We'll define a simple function to perform generation for a given text prompt using broadly reasonable parameters. For details on text generation using transformers, see e.g. [this tutorial](https://huggingface.co/blog/how-to-generate).

In [4]:
def generate(prompt, temperature=0.7, max_new_tokens=100):
    output = pipe(
        prompt,
        do_sample=True,
        temperature=temperature,
        max_new_tokens=max_new_tokens
    )
    return output[0]['generated_text']

Run generation with a few example prompts.

(Note that re-running these generation examples will produce different outputs as `model.generate` is invoked with the `do_sample=True` parameter.)

In [5]:
print(generate('p53 is an extensively studied protein that is known to interact with'))

p53 is an extensively studied protein that is known to interact with DNA and histones and act as a tumor suppressor. p53: 800 million years of evolution and 40 years of discovery, Levine p53 can be activated by a variety of DNA damage and other stress signals and is an important regulator of cell cycle arrest, apoptosis, and senescence. The role of p53 in cell cycle arrest and apoptosis., Amaral p53 can also regulate autophagy in response to cellular stress, DNA damage, and other


In [6]:
print(generate('The most significant risk factors for cancer include'))

The most significant risk factors for cancer include exposure to carcinogens, such as tobacco smoke, and genetic susceptibility1. Tobacco smoke contains numerous carcinogens, including polycyclic aromatic hydrocarbons (PAHs), which are generated by incomplete combustion of organic materials2. PAHs are ubiquitously present in indoor air and can enter the human body through inhalation, ingestion of food or water, and dermal contact. PAHs are a group of hydrocarbons with a wide variety of chemical structures and physicochemical properties, which include high volatility, poor water solubility,


**NOTE**: GALACTICA is a _base_ language model and has _not_ been trained to follow instructions (or chat). Because of this, "requests" such as the following will not result in responsive output.

In [7]:
print(generate('List the five most common types of cancer, with one per line.'))

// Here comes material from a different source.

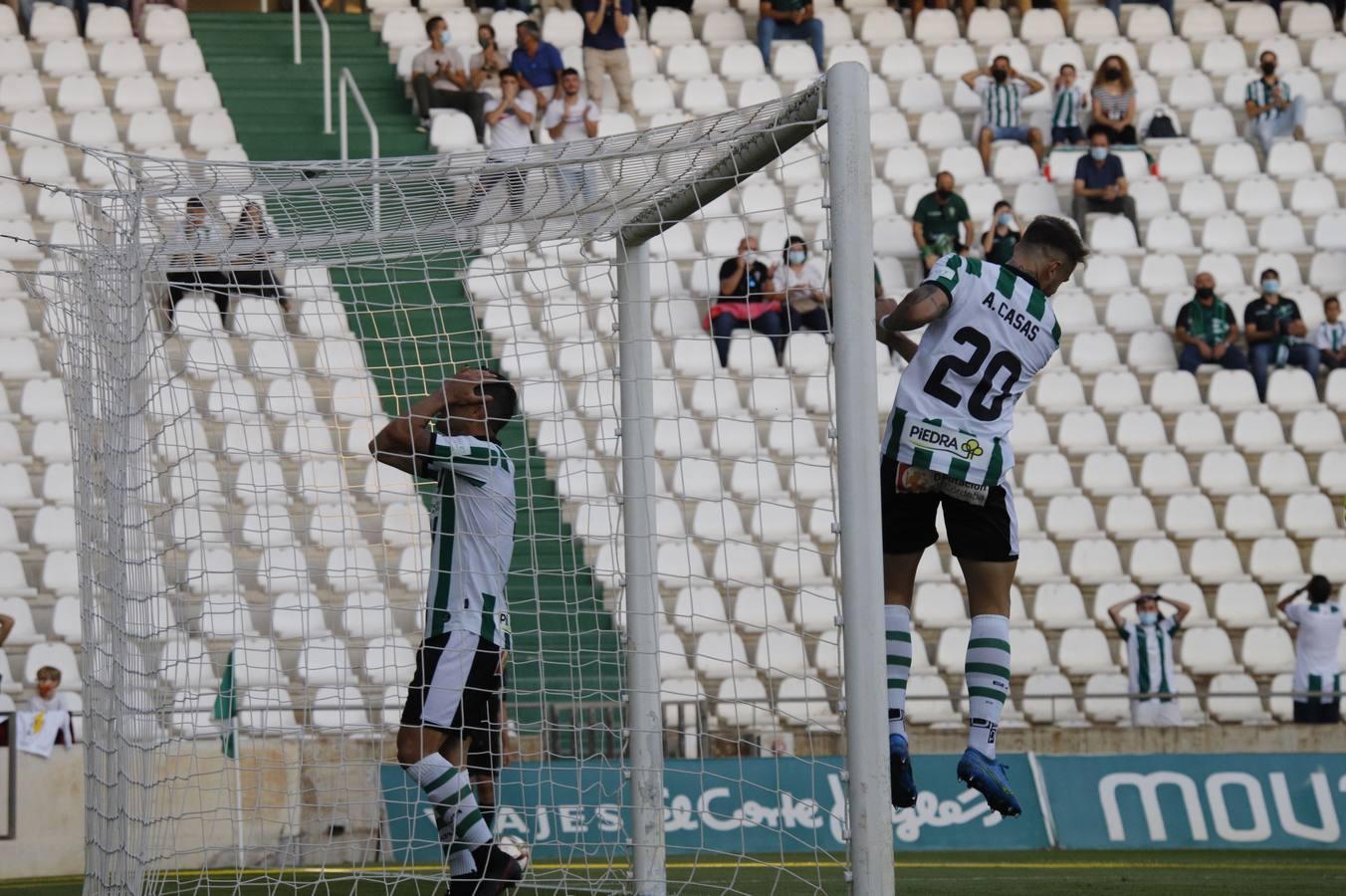 La grada del Córdoba CF-Antequera, en imágenes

List the five most common types of cancer, with one per line.

## History

 The game was developed by Infocom, with help from the company's former employee Steve Madden. The game was originally planned to be called Star Wars: Battlefront II, but the name was changed to avoid confusion with the Star Wars: Battlefront game that was released about 18 months before. The game was released in 1981 for the Amstrad CPC, Atari ST, Commodore 64, and ZX Spectrum


Try the model with a few prompts that test for facts relevant to your work.